Put in 400g of thick yoghurt, fold the edges of the muslin or cloth back over the yoghurt and set aside in the fridge for a good hour, overnight if you can.
Set the oven at 180C/gas mark 4. For the crumble: put 100g of butter and 90g of demerara in the bowl of a food mixer and beat until thoroughly combined.
Remove the bowl from the machine and rub in 80g of rolled oats, 1 tbsp of poppy seeds, 75g of plain flour and 1 level tsp of salt (I know this sounds like a lot of salt, but it makes the whole thing sing).
Crumble the oat mixture on to a baking sheet – an assortment of different sized lumps is most welcome – and bake for 12-15 minutes until lightly crisp and pale biscuit-coloured. Remove from the oven and set aside. It will crisp as it cools.
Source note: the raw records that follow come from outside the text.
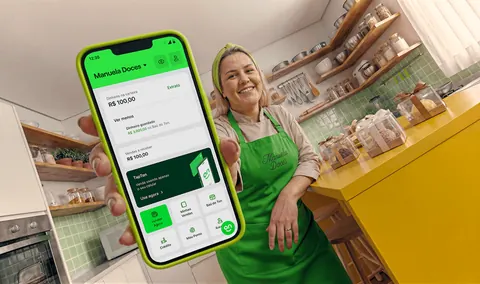 Confeiteira mostrando no celular o app Ton com as vendas a receber
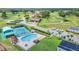 Community pool, basketball court and parking area at 26841 Bella Vista Dr, Howey In The Hills, FL 34737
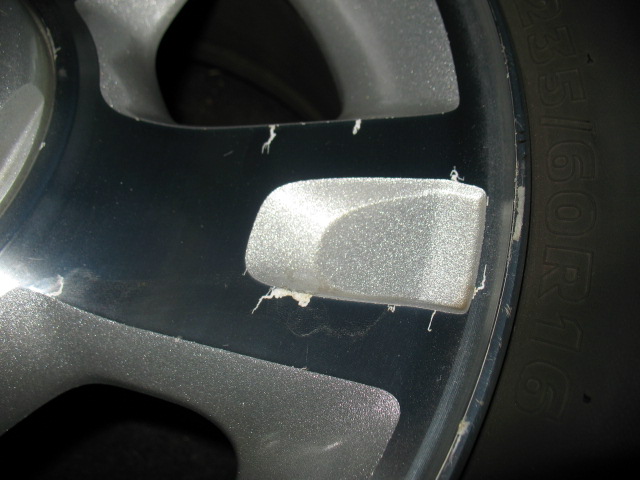 Close-up of a silver alloy wheel with chipped paint and visible tire sidewall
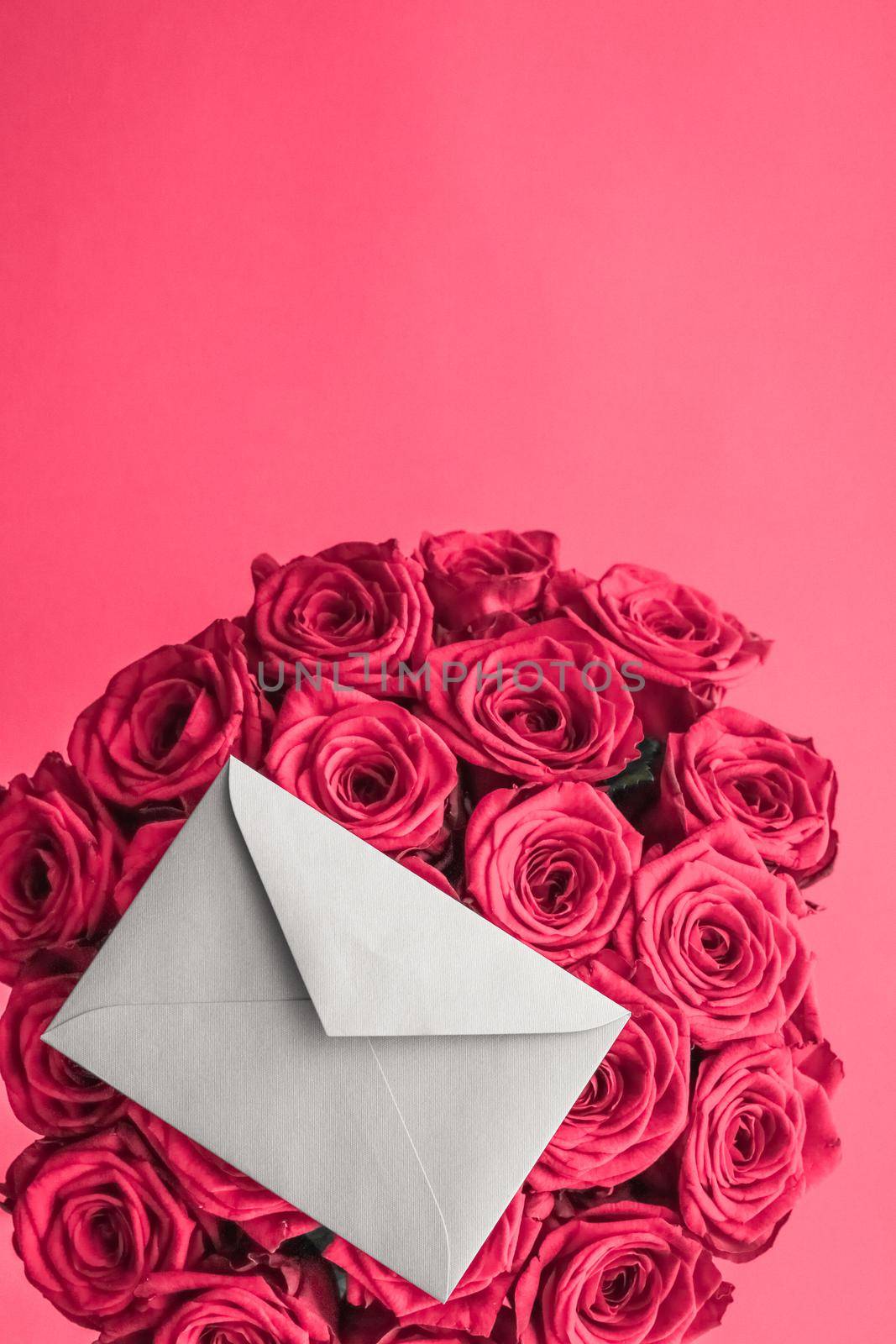 Holidays gift, floral present and happy relationship concept - Love letter and flowers delivery on Valentines Day, luxury bouquet of roses and card on pink background for romantic holiday design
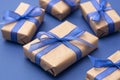 Close up gift boxes, presents. Craft paper wrapped gift boxes on blue background Royalty Free Stock Photo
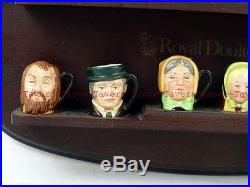 Lot of TWELVE 1½ inch Royal Doulton Charles Dickens Character Mini Jugs & shelf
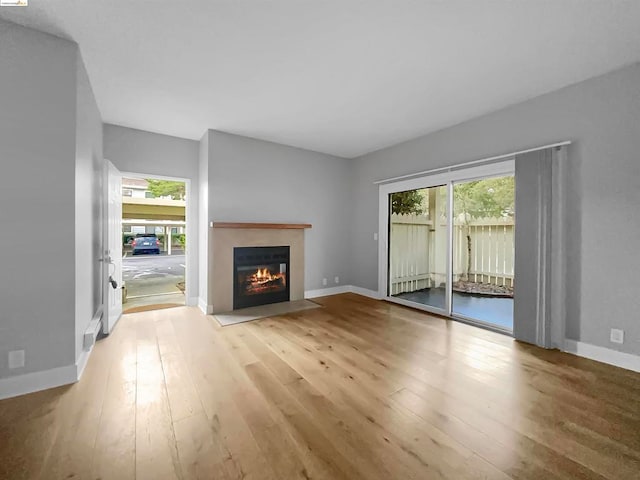 unfurnished living room featuring light wood-type flooring and plenty of natural light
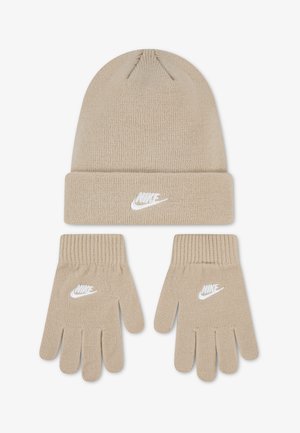 Béžová pletená zimná čiapka Nike a zodpovedajúce rukavice, obe s bielym vyšitým logom Nike, zobrazené na bielom pozadí.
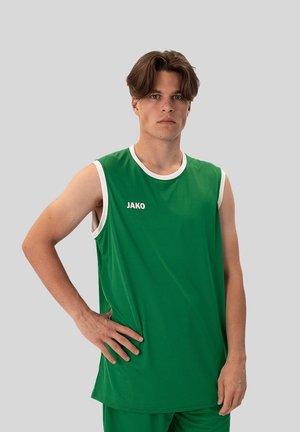 Młody mężczyzna w zielonej bezrękawnikowej koszulce sportowej i krótkich spodenkach stoi z jedną ręką na biodrze na gładkim jasnoszarym tle.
Halve 8 ripe-ish plums, remove their stones and place them cut side up on a baking sheet or grill pan. Drop small nuggets of butter (about 20g total weight) into the hollow of each fruit and grind over the tiniest amount of black pepper (just a few grains on each will suffice).
Heat the overhead oven grill. Slip the plums into the oven and leave for about 20 minutes until soft and luscious.
Place a spoonful of the strained yoghurt in shallow bowls (you need about 4 tbsp per person). Place 4 halves of plum on each then scatter with some of the crumble.
You can save oven use by cooking both the crumbs and the plums at the same time.